The Hassler et al. paper just published in Science reports that the surface radiation dose measured by Curiosity could, in 650 million years, reduce the concentration of small organic molecules, such as amino acids, by a factor of 1000, all other factors being equal. That’s a big effect - and that’s why we were so excited as a team when we figured out how to measure the cosmogenic exposure age of rocks we drilled (see Emily’s blog and the Farley et al. paper). This gives us a dependable way to preferentially explore for those rocks that have been exposed for the shortest period of time. Furthermore, it is unlikely that organics would be completely eliminated due to radiation effects and the proof of this is that a certain class of meteorites - the carbonaceous chondrites - have been exposed to radiation in space for billions of years and yet still retain complex organics. This provides hope that at least some types of organics should be preserved on Mars.

Being able to account for the radiation history of rocks that Curiosity might drill is a very big step forward for us in the search for organic molecules. It is a big step forward in learning how to explore for past life on Mars (if it ever existed there). Now we have the right tools to guide the search for rocks that might make the best targets for drilling. Coupled with our other instruments that measure the chemistry and mineralogy of the rocks, to help select those that might have seen the least alteration of organics during burial, we have a pretty good sense of what we need to do next. That’s because we have been through this before on Earth.

Magic Minerals

Over the years Emily has written many blogs dedicated to the discovery of interesting minerals on Mars. There are many reasons for this, but I’ll suggest one more that may grow in importance in years to come.

Believe it or not, the story starts with none other than Charles Darwin. In pondering the seemingly instantaneous appearance of fossils representing complex and highly differentiated organisms in Cambrian-age rocks (about 500 million years ago), Darwin recognized this as a major challenge to his view of evolution. He explained the sudden appearance of fossils in the record by postulating that Cambrian organisms with no known antecedents could be explained by “record failure” - for some unknown reason, older rocks simply didn’t record the emergence and evolution of life’s beginning. Conditions weren’t suitable to preserve organisms as fossils.

Most of that story goes on in the direction of evolutionary biology, and we’ll skip that, rather focusing instead on learning more about taphonomy. What is important for Mars was the discovery of minerals that could preserve evidence of early microorganisms on Earth. (For a good read on Precambrian paleobiology, try Andy Knoll’s “Life on a Young Planet: The First Three Billion Years of Evolution on Earth.”)

We now know that pre-Cambrian time represents about 4 billion years of Earth’s history, compared to the 540 million years represented by Cambrian and younger rocks that Darwin had studied. (See Emily’s blog on the Geologic time scale.) We also know now that the oldest fossil microbes on Earth are about 3.5 billion years old, and that in between there is a compelling, but very sparse record of the fossil organisms that Darwin had anticipated. However, what’s even more remarkable is that it took 100 years to prove this. And this was with hundreds, maybe thousands, of geologists scouring the far corners of the Earth looking for evidence.

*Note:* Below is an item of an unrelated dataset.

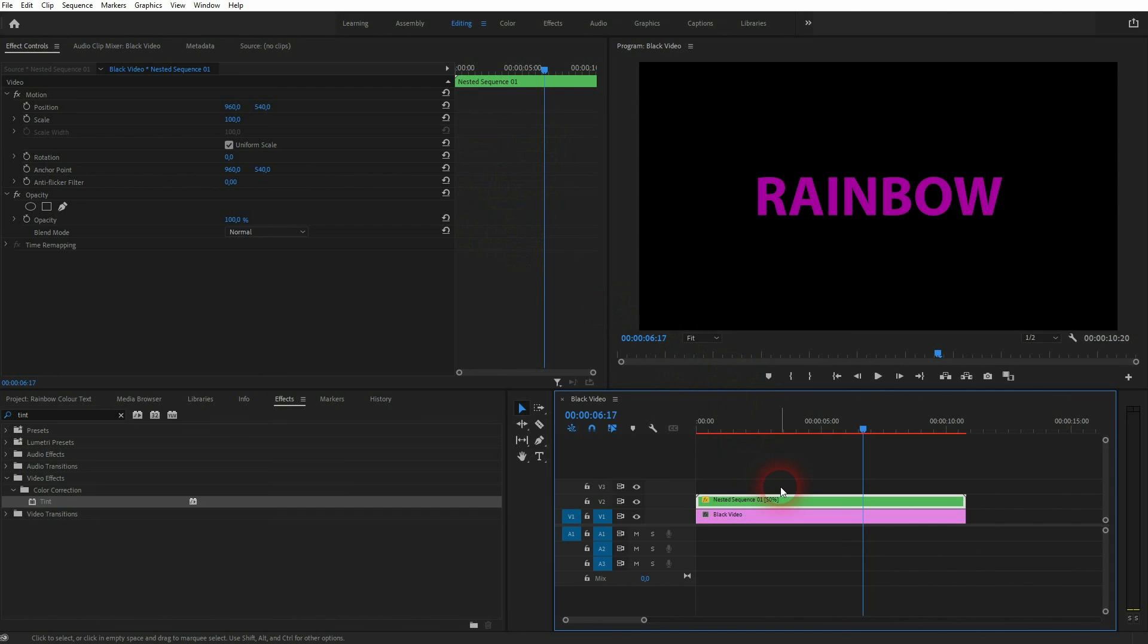And that's how you can create this rainbow color animation text effect in Premiere Pro. I hope this video was helpful. Thanks for watching and I'll see you next time.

The big breakthrough came in 1954 with the discovery of the “Gunflint microbiota” along the shores of Lake Superior in southern Canada. A University of Wisconsin economic geologist, Stanley Tyler, discovered microscopic threads of what we now understand to be fossil bacteria in a kind of rock called “chert”. Chert is a microcrystalline material formed of the mineral quartz, or silicon dioxide, which precipitates very early in waters that contain microbial colonies. It forms so early that it turns the sediment almost instantly into rock, and any microbes become entombed in a mineral so stable it resists all subsequent exposure to water, and the oxidizing chemicals dissolved in water, for billions of years.

As it turned out, this was the Rosetta stone that helped decipher the code to the field of pre-Cambrian paleontology. It took almost 10 years for the discovery to be fully appreciated (the initial report in Science was viewed with much skepticism), but once it was confirmed, in the mid-1960s, the field exploded. Once geologists and paleontologists knew what to search for, they were off to the races. Since that initial discovery, other magic minerals have been found that preserve ancient microbes, sometimes with spectacular fidelity. But chert is still the mineral of choice, and I never pass by it in the field without collecting some.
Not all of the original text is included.